= Beginning of Section =
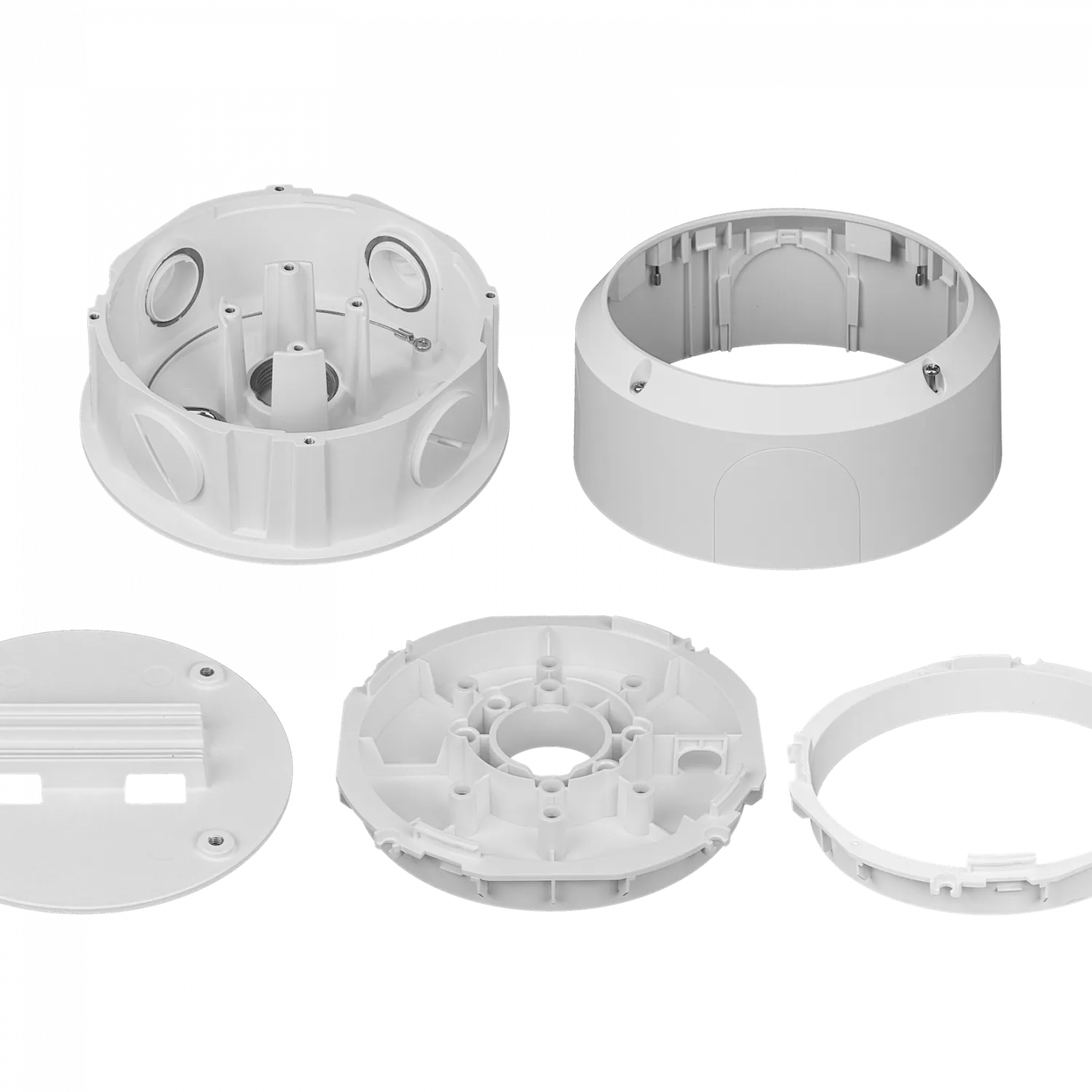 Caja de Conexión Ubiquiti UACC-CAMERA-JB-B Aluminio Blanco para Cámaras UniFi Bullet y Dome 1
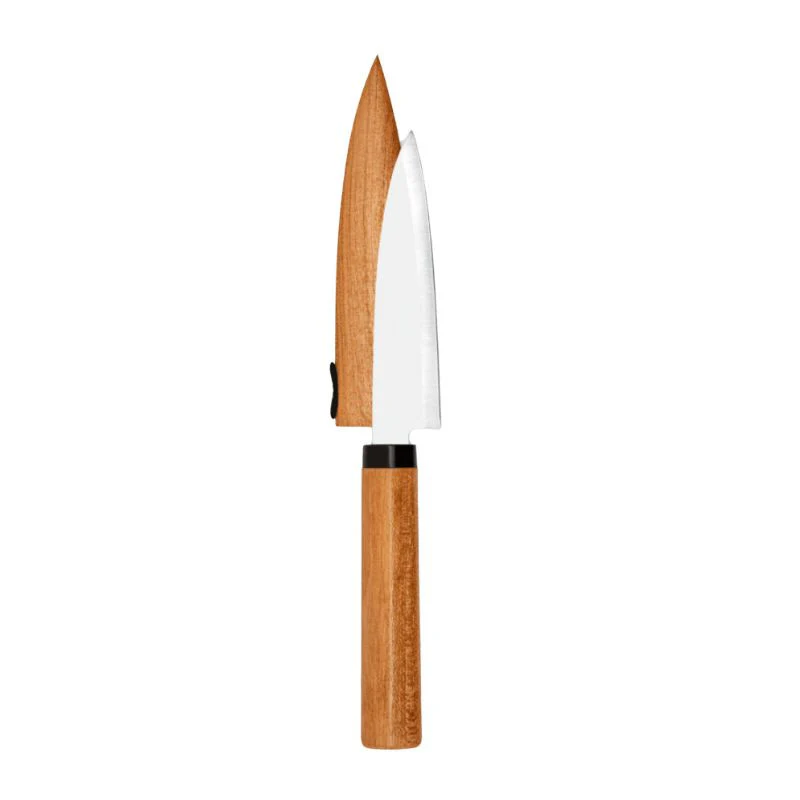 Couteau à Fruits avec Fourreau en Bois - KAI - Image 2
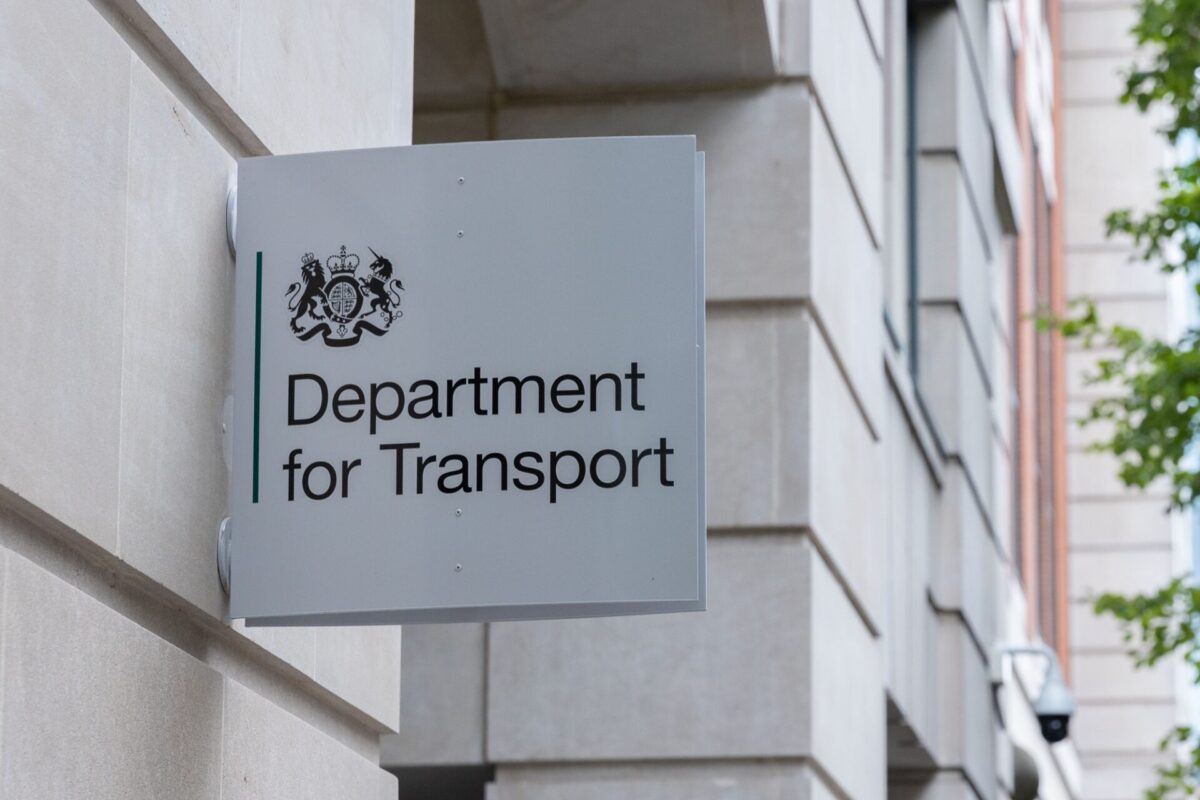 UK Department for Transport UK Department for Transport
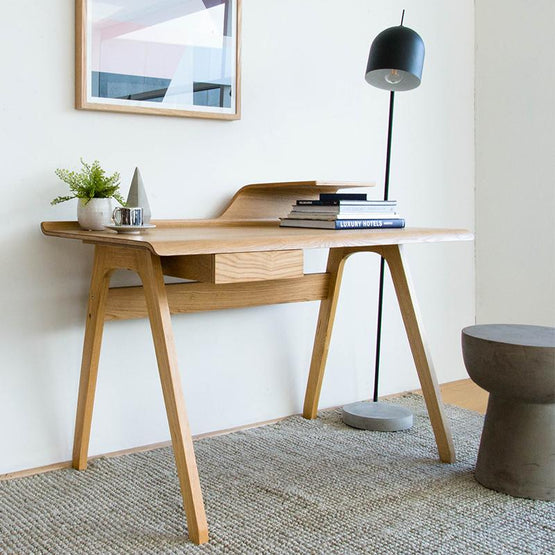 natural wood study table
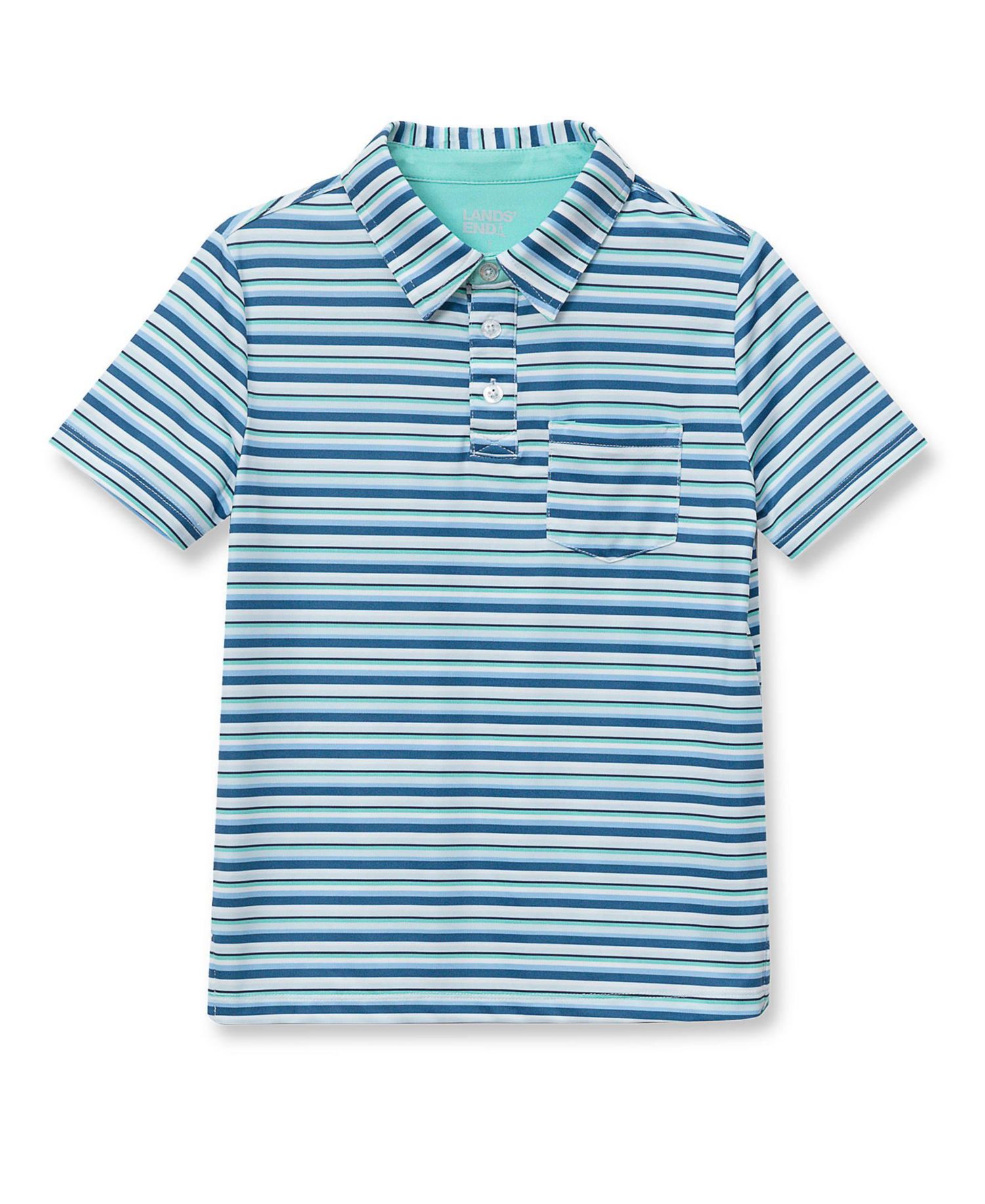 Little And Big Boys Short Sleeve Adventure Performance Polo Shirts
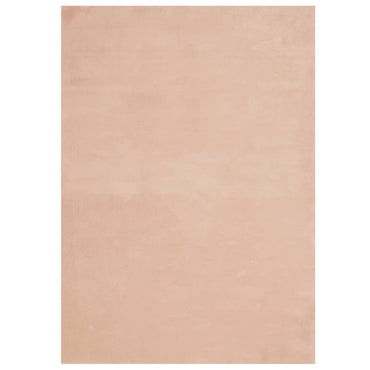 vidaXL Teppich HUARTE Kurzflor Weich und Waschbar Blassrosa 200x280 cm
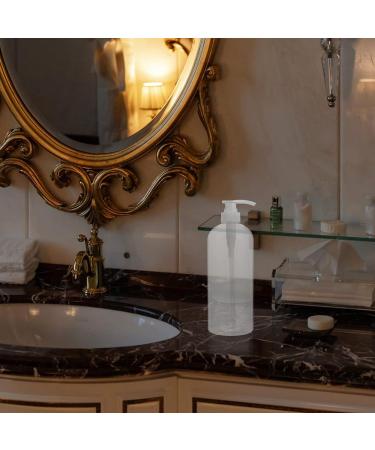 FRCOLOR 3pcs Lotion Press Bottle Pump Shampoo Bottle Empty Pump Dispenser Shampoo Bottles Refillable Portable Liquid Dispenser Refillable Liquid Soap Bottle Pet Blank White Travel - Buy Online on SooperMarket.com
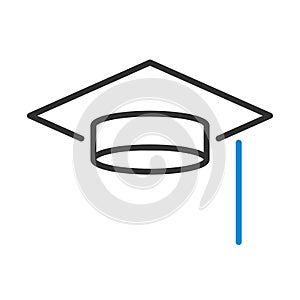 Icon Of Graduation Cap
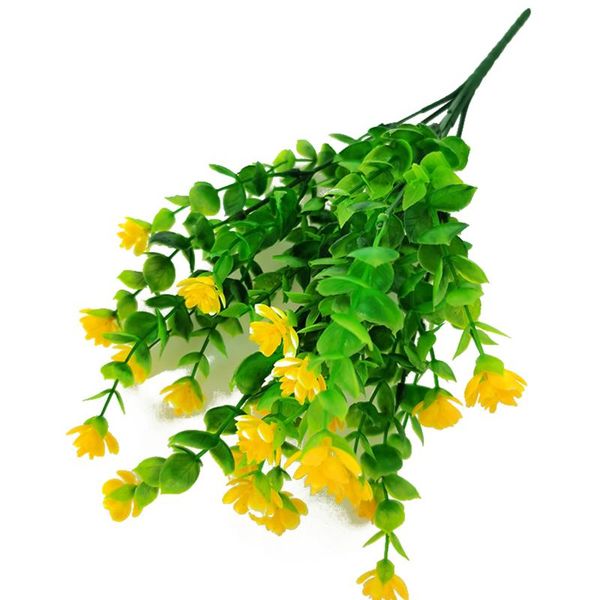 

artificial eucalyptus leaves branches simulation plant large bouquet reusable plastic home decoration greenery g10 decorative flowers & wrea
= End of Section =
* What the exercise asks: The response should be the lines from the one containing "natural wood study table" through the final line of the records, reproduced exactly and with every picture left out.

* Result of this task:
 natural wood study table
 Little And Big Boys Short Sleeve Adventure Performance Polo Shirts
 vidaXL Teppich HUARTE Kurzflor Weich und Waschbar Blassrosa 200x280 cm
 FRCOLOR 3pcs Lotion Press Bottle Pump Shampoo Bottle Empty Pump Dispenser Shampoo Bottles Refillable Portable Liquid Dispenser Refillable Liquid Soap Bottle Pet Blank White Travel - Buy Online on SooperMarket.com
 Icon Of Graduation Cap

artificial eucalyptus leaves branches simulation plant large bouquet reusable plastic home decoration greenery g10 decorative flowers & wrea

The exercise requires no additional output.